For some time the Spirit has led me to think about children.

While I don’t have children of my own, I was strongly connected with the children of my best friend, Randy Porter, at times living in part of the same house. And since his death trying to fulfill the role of “godfather”.

One of my first experiences as an adult was to be part of the Friends Volunteer Service Mission (VSM) where  I had the opportunity to decide how to work in the community full time. I was led to work with the neighborhood youth.

 

My professional life was spent at Riley Hospital for Children. I began work as a respiratory therapist in the Neonatal Intensive Care Unit. Then the last thirty years doing research in the Infant Pulmonary Function Lab.

 

I was also blessed to become involved with the Kheprw Institute (KI), a Black youth mentoring and empowerment community.

 

As I’ve been learning more about Native Americans I’ve learned how important children are to them.

“The ones that matter the most are the children.” Lakota Proverb

“Grown men can learn from very little children—for the hearts of little children are pure. Therefore, the Great Spirit may show them many things that older people miss.” –Black Elk

“The Lakota call children wakanyeja. ‘Wakan’ means sacred. To us, children are not only blessings, but are meant to be the principal focus of each tiospaye (extended family group). They are sacred of their own accord.

We believe that before a baby is born, its soul specifically chooses its mother and father. It is understood that children are more than miniature versions of ourselves; they are spiritual beings in their own right, with their own voices, gifts, talents, and purposes.”  https://indiancountrymedianetwork.com/news/opinions/each-child-is-sacred/

One of the most important concepts in native culture is the Seventh Generation principle. Evidently there are two ways to interpret that. One is to consider what effect any decision will have on seven generations to come.

The alternative, which I like, is to consider the three generations before, your generation, and three generations to come. This is to consider what generations before you have to teach you, as well as care for the current and future generations. In the Lakota Nations a generation is considered to be 100 years.

The main impetus behind these recent leadings are my concerns about the environmental chaos our children are facing as a result of so many things we have done to harm Mother Earth. And the harm we continue to do to our environment. When will we change? What can we say to our children and future generations? As the environmental chaos around us becomes increasingly apparent and severe, how can we justify not making the radical changes necessary now? For their sake?

All of this has been heavy on my heart for a long time.

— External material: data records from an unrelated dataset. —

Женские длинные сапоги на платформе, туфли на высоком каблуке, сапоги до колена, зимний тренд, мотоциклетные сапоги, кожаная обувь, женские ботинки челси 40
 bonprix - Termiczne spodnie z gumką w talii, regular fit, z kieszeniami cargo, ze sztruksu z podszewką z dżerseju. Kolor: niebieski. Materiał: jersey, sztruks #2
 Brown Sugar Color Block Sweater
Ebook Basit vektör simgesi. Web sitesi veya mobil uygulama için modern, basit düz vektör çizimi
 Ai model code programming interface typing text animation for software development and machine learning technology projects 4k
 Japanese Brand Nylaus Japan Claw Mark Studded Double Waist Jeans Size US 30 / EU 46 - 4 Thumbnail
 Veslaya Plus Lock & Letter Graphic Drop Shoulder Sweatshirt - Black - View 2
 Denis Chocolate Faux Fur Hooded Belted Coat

But last night I learned of the new policy of the government of stealing children from their  parents at our southern border. There is no justification for such evil. I pray that the efforts of the American Civil Liberties Union to stop this are successful, and quickly. I pray God finds a way. 

The theme of the Poor People’s Campaign is “somebody’s hurting my people and its gone on far too long, and we won’t be silent anymore.”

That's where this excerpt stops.